C’est une urgence diagnostique et thérapeutique, nécessitant une approche multidisciplinaire impliquant : réanimateur, chirurgien,
gastro-entérologue et O.R.L.
L’endoscopie digestive est l’examen clé qui conditionne l’attitude thérapeutique
les brûlures bénignes ne requièrent habituellement aucun traitement particulier, les brûlures graves, relèvent généralement d’un
traitement chirurgical : en extrême urgence en cas de brûlure panpariétale, secondairement devant l’apparition des complications ou
tardivement pour la réparation des séquelles (sténose cicatricielle).
II- ETIOPATHOGENIE :
A- TERRAIN :
Le plus souvent, enfant de 2 à 8 ans : intoxication accidentelle par produit ménagers, 70% cas.
Adulte jeune dans un but suicidaire
B- PRODUITS CAUSTIQUES :
Un produit caustique est une substance corrosive susceptible de brûler les tissus organiques ; Les 3 types de caustiques (acide, base,
oxydant) sont présents dans les produits ménagers (nettoyants sanitaires, déboucheurs de canalisation)
LES ACIDES : Forts : minéraux
Acide chlorhydrique : décapant, détartrant
Acide nitrique : dissolution de métaux, réactif de laboratoire
Acide sulfurique : décapant, eau de batterie
Faibles : organiques
Acide acétique
Acide oxalique
LES BASES :-Soude caustiques : très concentré -Potasse-Ammoniaque
LES OXYDANTS :-Eau de Javel : fréquemment rencontré dans les brûlures caustiques -Permanganate de potassium : s/ forme
liquide peut être plus toxique
Les lésions qu’ils entrainent sont d’autant plus graves que le produit est concentré Présentation :
Les produits en paillettes et en poudres ont tendance à adhérer à l’oropharynx et à créer des lésions hautes
Les liquides entraînent des lésions digestives plus diffuses d’intensité variable
C-MODE D’INGESTION :
CHEZ L’ENFANT : l’ingestion est le plus souvent accidentelle, provoquant d’intenses brûlures oropharyngée et buccale et peu de
lésions œsophagiennes. La répulsion de l’enfant lors du contact avec le produit entraîne généralement un réflexe de rejet qui limite
relativement la quantité de produit ingéré.

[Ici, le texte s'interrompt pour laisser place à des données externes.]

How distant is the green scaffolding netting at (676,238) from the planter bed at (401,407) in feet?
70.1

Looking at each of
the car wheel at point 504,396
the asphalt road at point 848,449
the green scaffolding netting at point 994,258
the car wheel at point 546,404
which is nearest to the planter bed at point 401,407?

CHEZ L’ADULTE : ou le but est le plus souvent suicidaire, les lésions œsophagiennes sont maximales
III- PHYSIOPATHOLOGIE :
La gravité des lésions dépend de 3 facteurs :
Nature du produit
Quantité et concentration du produit ingéré
Durée de contact avec la muqueuse digestive
L’action caustique est directement liée au PH, elle est majeure pour les PH < 1 et > 12
Les acides concentrés : induisent une nécrose de coagulation superficielle, protectrice pour les couches plus profondes
La soude : substance basique, provoque une nécrose de liquéfaction, à l’origine d’une pénétration pariétale lente et profonde
L’ammoniaque : base forte sous forme liquide, volatile, dégage une quantité importante de gaz ammoniaque à l’origine de lésion du
parenchyme pulmonaire souvent bénigne, l’atteinte digestive se caractérise par des lésions hémorragiques et évolution fréquente
vers la sténose
IV- ANATOMO-PATHOLOGIE :
A-MACRO :
Les lésions observées sont à type d’abrasion, ulcération, œdème et nécros.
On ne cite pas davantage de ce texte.